Sometimes in politics it's not what you say, it's how you come across saying it. lifezette, image messaging, donald trump, coronavirus, covid-19, briefings, april 27, 2020
Coronavirus Disease 2019 (COVID-19)

The Image Messaging of the Trump Coronavirus Briefings

Publisher's note: This post appears here courtesy of the LifeZette, and written by David Kamioner.

    It seems that the White House may be taking a second look at the frequency of the up-to-now daily coronavirus briefings. Aside from a couple of minor contrived instances, President Trump and his team have done well. They have projected leadership, action, and attention to detail while the national Democrats have only viciously carped from the sidelines. But too much of a good thing (overexposure) could hurt the president's brand.

    How has the president and his team done so far? What have they communicated by speech and what have they said without saying a word? Let's take the four major players.

    President Donald Trump: Always in command and ready to do battle, the president exudes strength and confidence by the way he dresses, the way he stands, and the way he brooks little stupidity from the assembled press. But on days there is not major news, he is forced to repeat the same lines and tropes.

    While repetition is a smart move in politics, it may be smarter to save his command presence for days when his persona can be used in better ways than just repeating the mundane. His Friday performance, when he left the press gasping when he took no questions, may be the right kind of move much of the time.

    Dr. Deborah Birx: Comes across as ultracompetent and professional. Her Army career and her medical credentials make her a strong part of the team.

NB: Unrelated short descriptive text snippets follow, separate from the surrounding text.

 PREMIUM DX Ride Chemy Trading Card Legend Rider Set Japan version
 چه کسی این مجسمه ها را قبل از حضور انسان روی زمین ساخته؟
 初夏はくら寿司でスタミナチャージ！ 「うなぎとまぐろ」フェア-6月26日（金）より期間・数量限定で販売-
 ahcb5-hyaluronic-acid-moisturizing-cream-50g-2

But...her scarves.

    It may seem trivial, but presentation is key in politics and attire is a vital way to communicate a message. Aside from certain color blind pundits who have a proclivity for the bizarre, the comments on her scarves, and thus on a facet of her presentation, have not been kind.

    They have ranged from "Her scarves induce epilepsy in North Korean political prisoners" to "Dr. Birx's scarves are a Jackson Pollock painting with a migraine" to "Hermes? No. Her-mess."

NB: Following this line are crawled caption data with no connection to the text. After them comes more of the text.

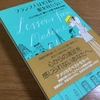 45㎡に取り入れる？フランス人は服を10着しか持たないのchapter１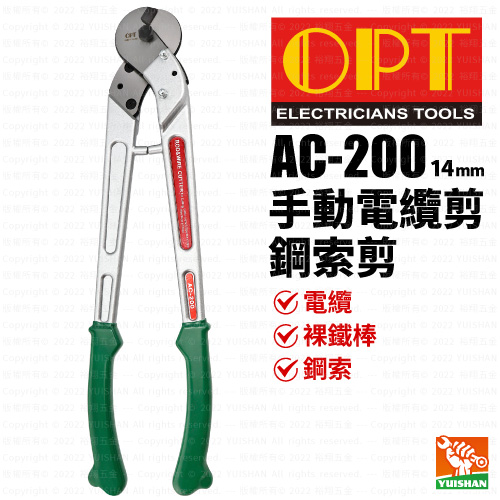 【OPT】鋼索剪 AC-200 (14mm)產品圖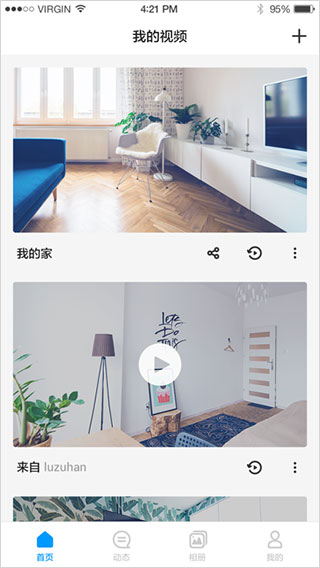华为智能摄像机安装下载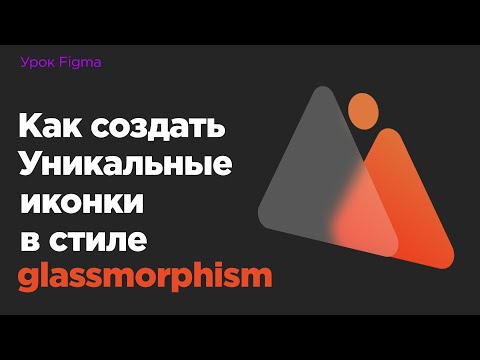 Видео: Урок Figma #1 - Создание иконок с эффектом матового стекла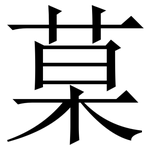 菒: Serifenschrift (Songti/Mingti)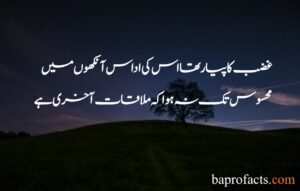 Sad Poetry in Urdu 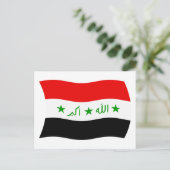 Carte postale du drapeau de l'Irak (Debout devant)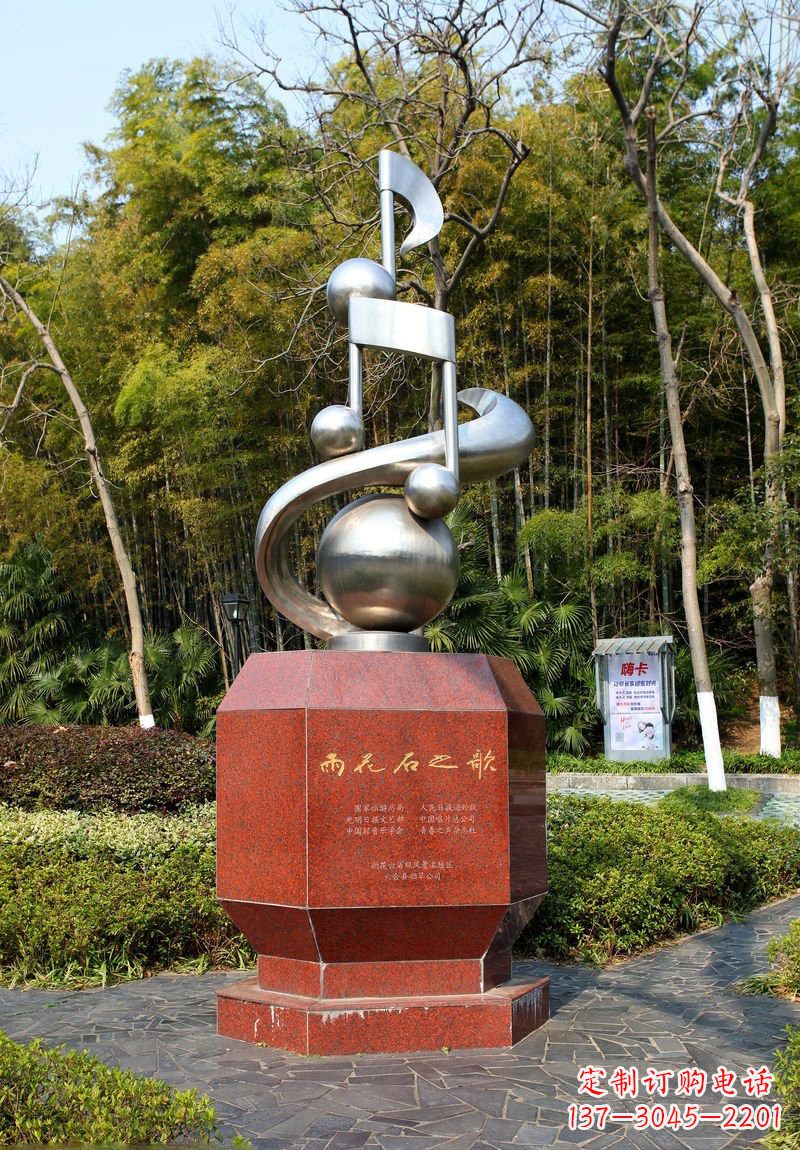 长沙不锈钢音符雕塑唤醒公园的美妙旋律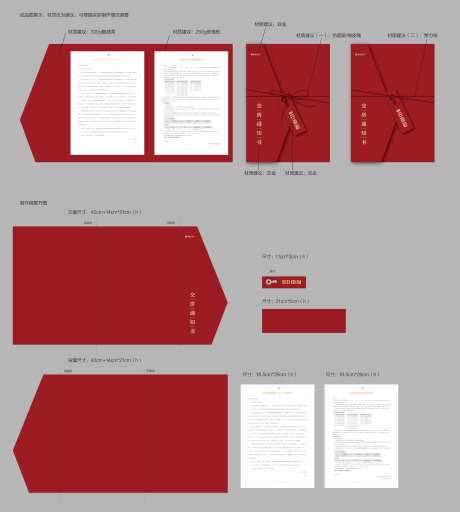 交房通知书-采灵感-https://www.cailinggan.com/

    And those were not the worst of the lot. One particularly savage comment, "Though they likely are very expensive, those scarves would be better placed in the Deborah Birx Fashion Accessories section of your local Dollar General." A stand out was her recent powder blue indoor raincoat look set off by a puke green scarf reminiscent of 1973 couch upholstery.

    Vice-President Mike Pence and Dr. Anthony Fauci: They are blessedly conventional. Regimental ties, dark suits, and barrel cuffs say Ward Cleaver lives and he is back in charge. Their tone is conversational yet also no nonsense. It is what is needed to counterbalance a stylish chatty president and the fashion-challenged though brilliant Dr. Birx.